If The Pandemic Has Taught Us Anything, It's To Value Our Time

Millions of Americans spent weeks or months out of work in 2020 and early 2021; some are still struggling. But others have seen the benefits of waving goodbye to the traditional workplace because it's simply no longer worth the sacrifice to continue a career that doesn't fulfill more than a bank balance. And truth be told, many jobs weren't doing a spectacular job at that, either.

But then, there's the mortgage. So how do we give up work without heading for poverty?

Most of us don't have some cushy columnist job where we get paid an incredible amount of money to write something once a week or once a month. To make money in the current environment, it takes much more than a single stream of income, or even focusing on the job you have at present.

Very few people can do it and make a living.

No matter what your passion, if it’s not going to pay the mortgage and put food on the table, at some point it only makes sense to stop following that path and seek something more practical.

But you can still follow your passion and pay the bills. True statement.

The best way to get paid to follow your passion is to consider what you do well and what you enjoy doing.

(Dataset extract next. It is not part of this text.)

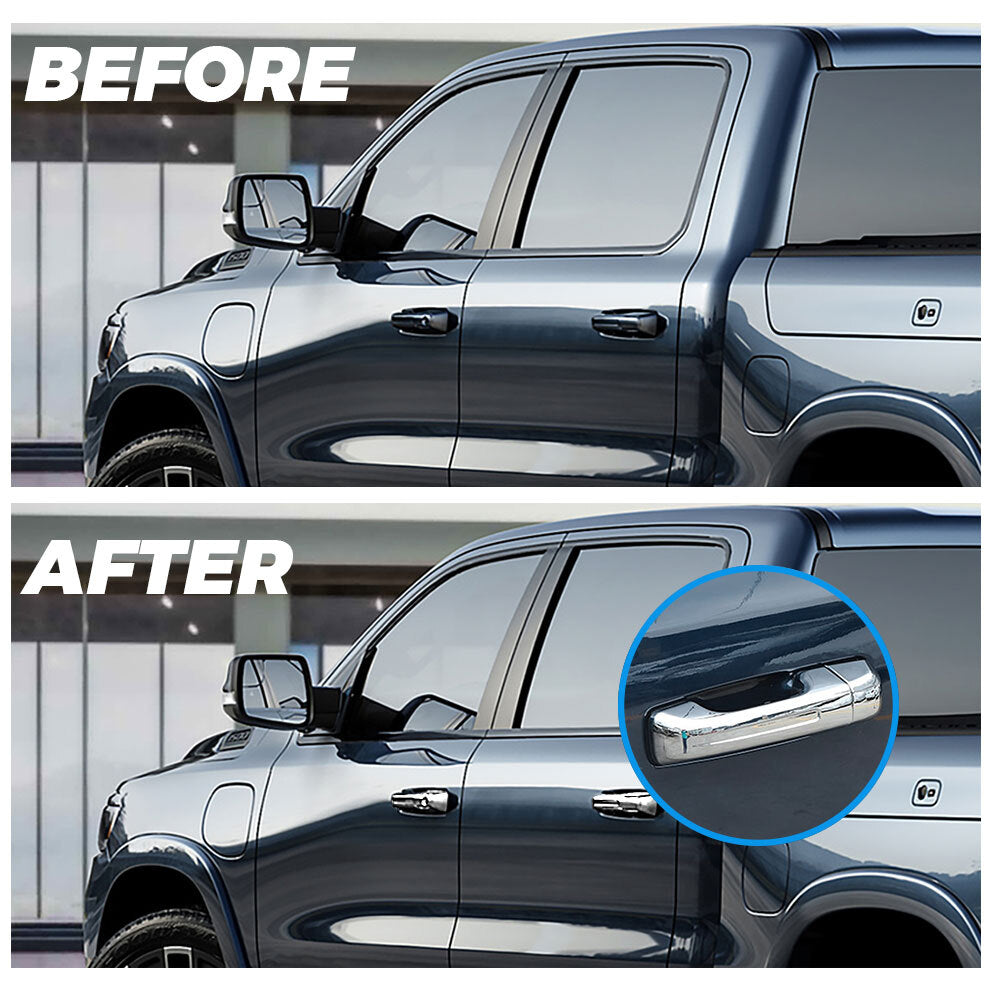 Chrome For 2019-2024 for Ram 1500 With Smartkey Cab Door Handle Covers Accessories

Consider your current job.

If you work for a traditional employer, could you do the same thing, or something like it, on your own time and on your own terms?

Are there similar versions, or even side-gigs of what you do for your current job — that you do well and enjoy — that you could reshape into something of your own?

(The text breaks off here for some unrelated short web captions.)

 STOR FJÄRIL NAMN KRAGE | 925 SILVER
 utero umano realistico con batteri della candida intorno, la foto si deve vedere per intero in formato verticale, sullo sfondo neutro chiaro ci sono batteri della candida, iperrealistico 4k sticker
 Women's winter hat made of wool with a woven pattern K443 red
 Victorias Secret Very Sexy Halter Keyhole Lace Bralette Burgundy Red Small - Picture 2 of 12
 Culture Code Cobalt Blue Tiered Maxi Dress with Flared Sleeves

Do you have skills or talents in your current job that you could translate into another context, which could then be done as a freelancer or as an independent business?

Is there something unique or special that you bring to your current employer that you could sell back to them on a freelance basis once you leave?

If you've got a hobby, or a professional skill, that can translate into a saleable resource, you can either work independently or add to your current income sooner than you think.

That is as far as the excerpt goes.